Count the Number of Vowel Strings in Range

EASY

Description

You are given a 0-indexed array of string words and two integers left and right.

A string is called a vowel string if it starts with a vowel character and ends with a vowel character where vowel characters are 'a', 'e', 'i', 'o', and 'u'.
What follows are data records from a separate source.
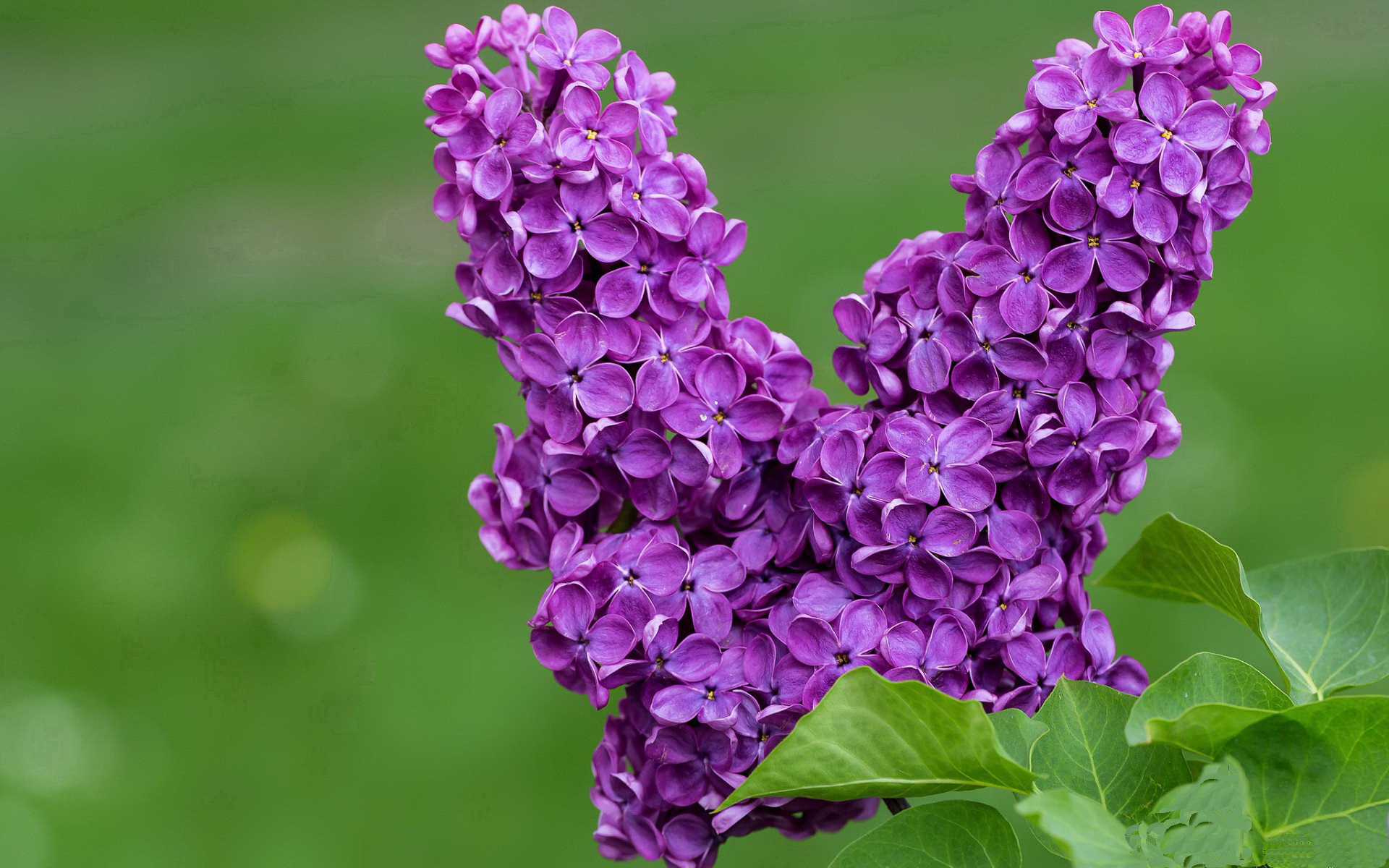 金球与王朝，本泽马的璀璨救赎与西班牙的生死战突围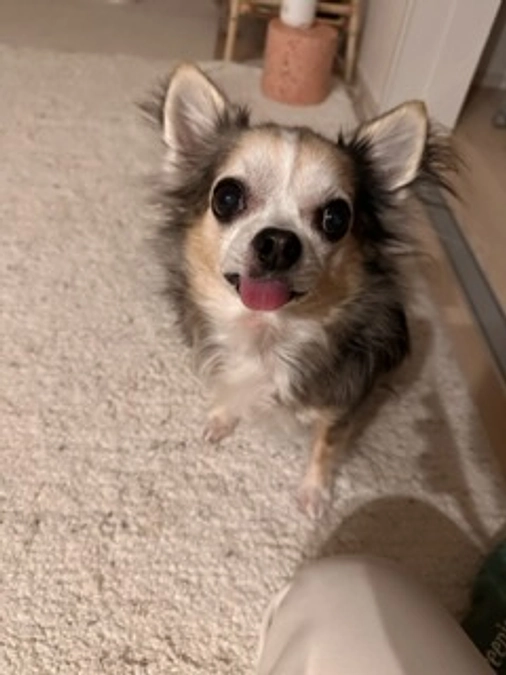 ぽこの手術日とららのプロジェクト最終日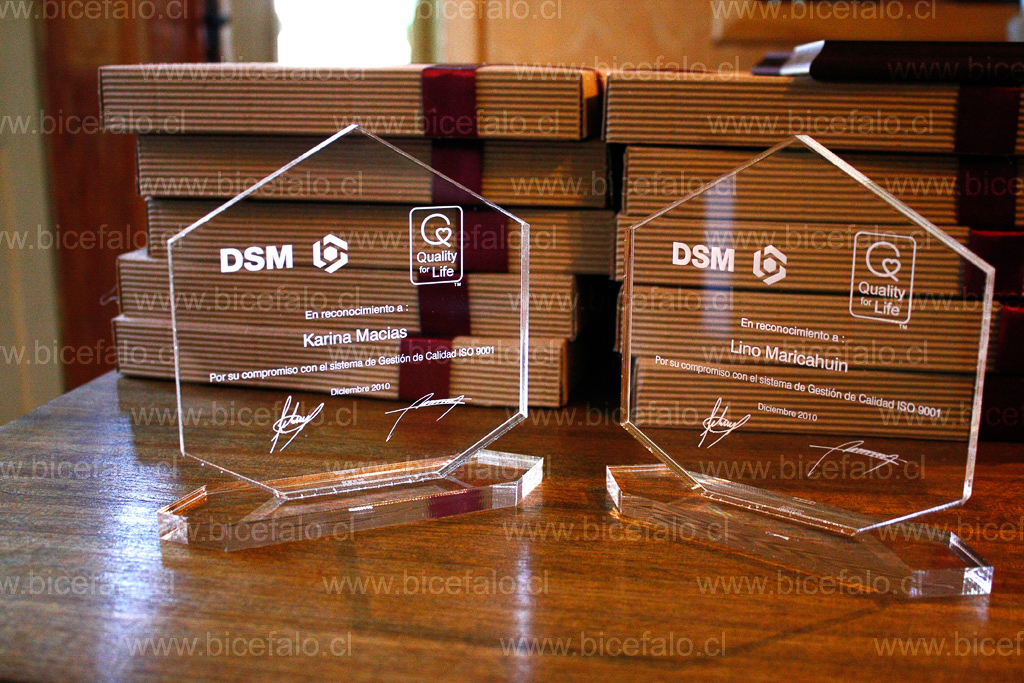 trofeo acrilico DSM
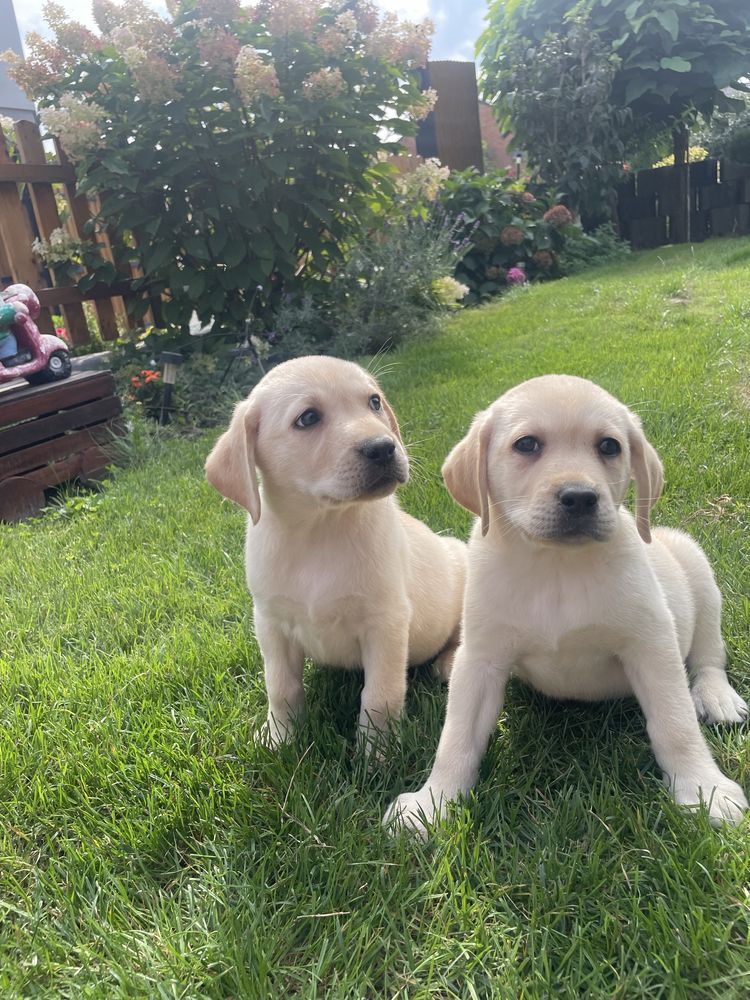 Labrador retriver-szczeniak  biszkoptowy do odbioru !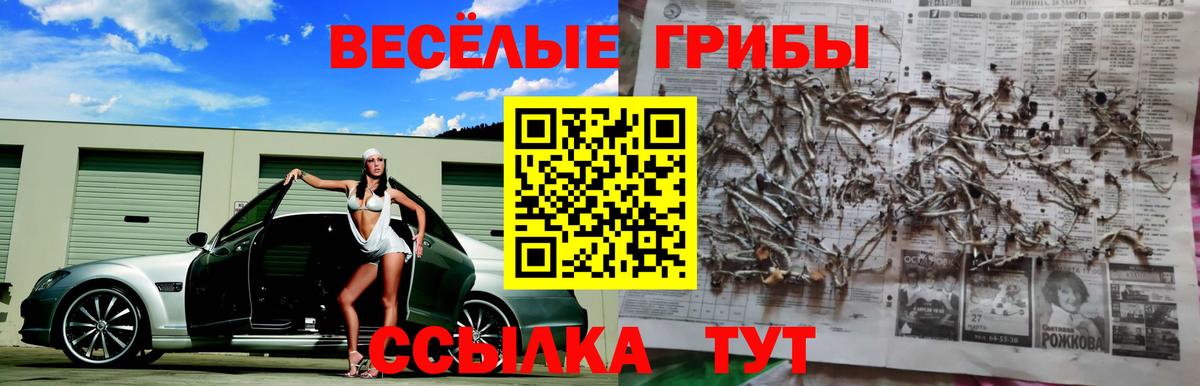 Псилоцибиновые грибы Psilocybe Новый Уренгой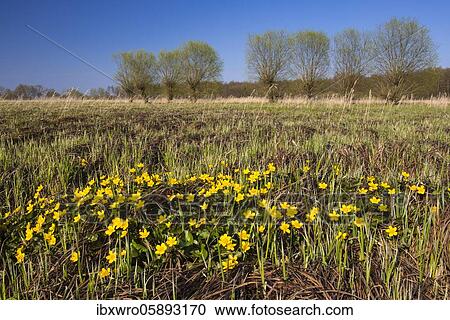 Flowering Marsh marigold ( Caltha palustris) in wetland meadow, oxbog, lowland dune, Lembruch, Lower Saxony, Germany, Europe View Large Photo Image Stock Image - Flowering Marsh marigold ( Caltha palustris) in wetland meadow, oxbog, lowland dune, Lembruch, Lower Saxony, Germany, Europe. Fotosearch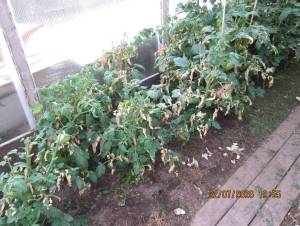 IMG_1398.thumb.JPG.3e161143adc335b9e383b785f40f4494.JPG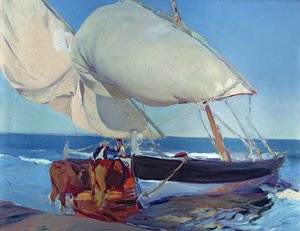 Barcos de vela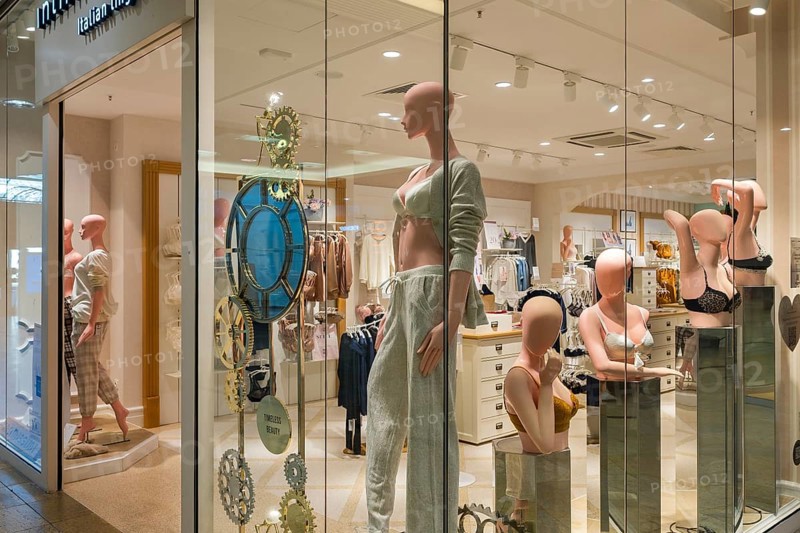 Fashion dolls in lingerie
Return the number of vowel strings words[i] where i belongs to the inclusive range [left, right].

Example 1:

Input: words = ["are","amy","u"], left = 0, right = 2
Output: 2
Explanation: 
- "are" is a vowel string because it starts with 'a' and ends with 'e'.
- "amy" is not a vowel string because it does not end with a vowel.
- "u" is a vowel string because it starts with 'u' and ends with 'u'.
The number of vowel strings in the mentioned range is 2.

Example 2:

Input: words = ["hey","aeo","mu","ooo","artro"], left = 1, right = 4
Output: 3
Explanation: 
- "aeo" is a vowel string because it starts with 'a' and ends with 'o'.
- "mu" is not a vowel string because it does not start with a vowel.
- "ooo" is a vowel string because it starts with 'o' and ends with 'o'.
- "artro" is a vowel string because it starts with 'a' and ends with 'o'.
The number of vowel strings in the mentioned range is 3.

Constraints:

1 <= words.length <= 1000
1 <= words[i].length <= 10
words[i] consists of only lowercase English letters.
0 <= left <= right < words.length

Approaches

Checkout 2 different approaches to solve Count the Number of Vowel Strings in Range. Click on different approaches to view the approach and algorithm in detail.

Prefix Sum Approach

This approach involves pre-calculating the number of vowel strings up to each index. We create a prefix sum array where each element prefix[i] stores the count of vowel strings in the original array from the start up to index i-1. Once this array is built, the number of vowel strings in any given range [left, right] can be found in constant time by subtracting prefix[left] from prefix[right+1]. While this is powerful for multiple queries, it's less efficient for a single query due to the upfront cost and extra space.

Algorithm

Create a helper method or use a set/string to check for vowels.
Initialize a prefixSum array of size n + 1, where n is the number of words.
Iterate from i = 0 to n-1 to build the prefixSum array.
For each word words[i], check if it's a vowel string (starts and ends with a vowel).
The value prefixSum[i+1] is calculated as prefixSum[i] plus 1 if words[i] is a vowel string, otherwise it's the same as prefixSum[i].
After populating the array, the result for the range [left, right] is calculated as prefixSum[right + 1] - prefixSum[left].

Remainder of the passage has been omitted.